These are the thoughts that keep me up at night. These are the feelings that send me to bed early. “What?”, say you. Life is a mofo SOB. At some point in life you come to the horrifying realization…so what? Caught between expectation and desire. Caught again between desire and ability. Then throw in nature and habit.
“What?” It’s simple. You need money to survive. What I love to do will probably never make me money. I’ve whittled my life down to what most in my life consider next to nothing. Still, I find myself needing to whittle more. Whittle while I work, you see.
I know I have a gift. Something that’s remained largely in a mishandled shipper most my life. I couple years ago, I opened it. I started writing with great enthusiasm and naivety. I made a great many rash decisions based on a great many tragedies. Now I sit amidst the smoldering ruins of my life. Are you sad yet? Do you feel sorry for me yet? Shut up.
I have a roof over my head. I have more than enough food to eat. My greatest worries come from we call ‘high class problems’. I need to shut the hell up!

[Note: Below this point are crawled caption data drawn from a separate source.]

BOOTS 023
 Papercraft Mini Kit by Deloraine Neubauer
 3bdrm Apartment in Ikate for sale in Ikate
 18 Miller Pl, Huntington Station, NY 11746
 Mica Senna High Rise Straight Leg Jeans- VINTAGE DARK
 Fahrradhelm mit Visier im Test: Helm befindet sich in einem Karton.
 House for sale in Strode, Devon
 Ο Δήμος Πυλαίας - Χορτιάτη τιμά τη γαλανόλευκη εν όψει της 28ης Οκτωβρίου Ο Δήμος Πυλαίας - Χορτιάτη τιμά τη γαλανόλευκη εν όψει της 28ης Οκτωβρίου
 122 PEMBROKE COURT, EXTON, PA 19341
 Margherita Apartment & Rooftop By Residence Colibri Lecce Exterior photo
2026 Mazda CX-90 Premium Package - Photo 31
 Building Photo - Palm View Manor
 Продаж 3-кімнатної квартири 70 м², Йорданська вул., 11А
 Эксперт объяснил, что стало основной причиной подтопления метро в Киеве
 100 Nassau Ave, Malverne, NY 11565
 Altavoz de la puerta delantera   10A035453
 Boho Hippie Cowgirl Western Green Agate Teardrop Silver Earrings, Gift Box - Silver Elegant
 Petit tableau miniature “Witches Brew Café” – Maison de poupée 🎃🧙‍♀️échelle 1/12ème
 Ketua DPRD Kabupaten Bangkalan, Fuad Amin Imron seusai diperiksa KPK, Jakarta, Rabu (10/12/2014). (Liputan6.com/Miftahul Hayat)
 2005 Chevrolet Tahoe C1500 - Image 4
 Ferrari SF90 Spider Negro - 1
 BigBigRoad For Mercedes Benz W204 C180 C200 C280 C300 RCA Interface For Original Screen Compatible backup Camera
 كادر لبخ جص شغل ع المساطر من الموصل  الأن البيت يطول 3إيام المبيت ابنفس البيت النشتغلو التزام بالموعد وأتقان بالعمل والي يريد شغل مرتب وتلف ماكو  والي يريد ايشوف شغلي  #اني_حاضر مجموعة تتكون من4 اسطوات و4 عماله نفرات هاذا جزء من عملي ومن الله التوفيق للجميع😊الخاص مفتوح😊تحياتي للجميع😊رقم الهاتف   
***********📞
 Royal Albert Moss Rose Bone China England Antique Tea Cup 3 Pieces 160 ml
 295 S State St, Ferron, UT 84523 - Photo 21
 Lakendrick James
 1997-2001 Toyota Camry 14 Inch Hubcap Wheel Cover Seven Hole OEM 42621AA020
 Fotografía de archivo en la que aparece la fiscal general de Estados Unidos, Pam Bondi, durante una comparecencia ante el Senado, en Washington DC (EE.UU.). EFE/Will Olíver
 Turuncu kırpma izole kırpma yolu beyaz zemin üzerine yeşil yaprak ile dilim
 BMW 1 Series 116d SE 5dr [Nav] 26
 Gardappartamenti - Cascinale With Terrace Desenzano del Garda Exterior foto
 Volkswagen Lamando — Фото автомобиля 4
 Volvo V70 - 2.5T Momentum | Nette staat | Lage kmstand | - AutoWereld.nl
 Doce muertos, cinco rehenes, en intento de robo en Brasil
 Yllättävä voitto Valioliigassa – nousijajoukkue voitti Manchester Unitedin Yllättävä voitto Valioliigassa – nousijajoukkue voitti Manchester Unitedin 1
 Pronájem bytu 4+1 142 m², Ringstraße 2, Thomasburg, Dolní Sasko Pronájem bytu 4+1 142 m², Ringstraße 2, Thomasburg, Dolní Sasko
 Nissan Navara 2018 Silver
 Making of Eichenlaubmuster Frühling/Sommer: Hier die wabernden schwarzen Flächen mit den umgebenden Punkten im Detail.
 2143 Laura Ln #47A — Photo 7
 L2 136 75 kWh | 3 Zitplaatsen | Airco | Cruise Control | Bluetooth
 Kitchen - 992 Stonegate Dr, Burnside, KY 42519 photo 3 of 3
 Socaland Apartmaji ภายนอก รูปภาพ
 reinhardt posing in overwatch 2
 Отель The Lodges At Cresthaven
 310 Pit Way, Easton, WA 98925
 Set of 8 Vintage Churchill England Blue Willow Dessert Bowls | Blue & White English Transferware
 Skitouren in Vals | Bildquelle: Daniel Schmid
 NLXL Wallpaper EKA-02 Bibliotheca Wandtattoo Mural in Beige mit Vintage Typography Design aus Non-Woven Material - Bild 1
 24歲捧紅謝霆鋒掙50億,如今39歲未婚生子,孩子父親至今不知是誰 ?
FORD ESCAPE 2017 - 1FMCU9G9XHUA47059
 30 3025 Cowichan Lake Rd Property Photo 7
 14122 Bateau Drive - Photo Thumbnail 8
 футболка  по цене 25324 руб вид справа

I ask not for sympathy. I could use a little more support and encouragement, but even in their absence, I need to progress solely on my own. I recently told a friend I have a Major in delusion with a Double Minor in stupid and lazy. I now amend my credentials. I have a Double PhD in delusion and lazy, a Major in stupid, and a Double Minor in self-scrutiny shortsightedness. By the way, my mind is fully accredited.
So what am I going to do? I’m going to have a great day and, at the end of it, probably focus on what I should have done and not what I did. That’s what I do, and that’s alright.
Now, don’t bother me. I’m regretting not writing a better bloogk.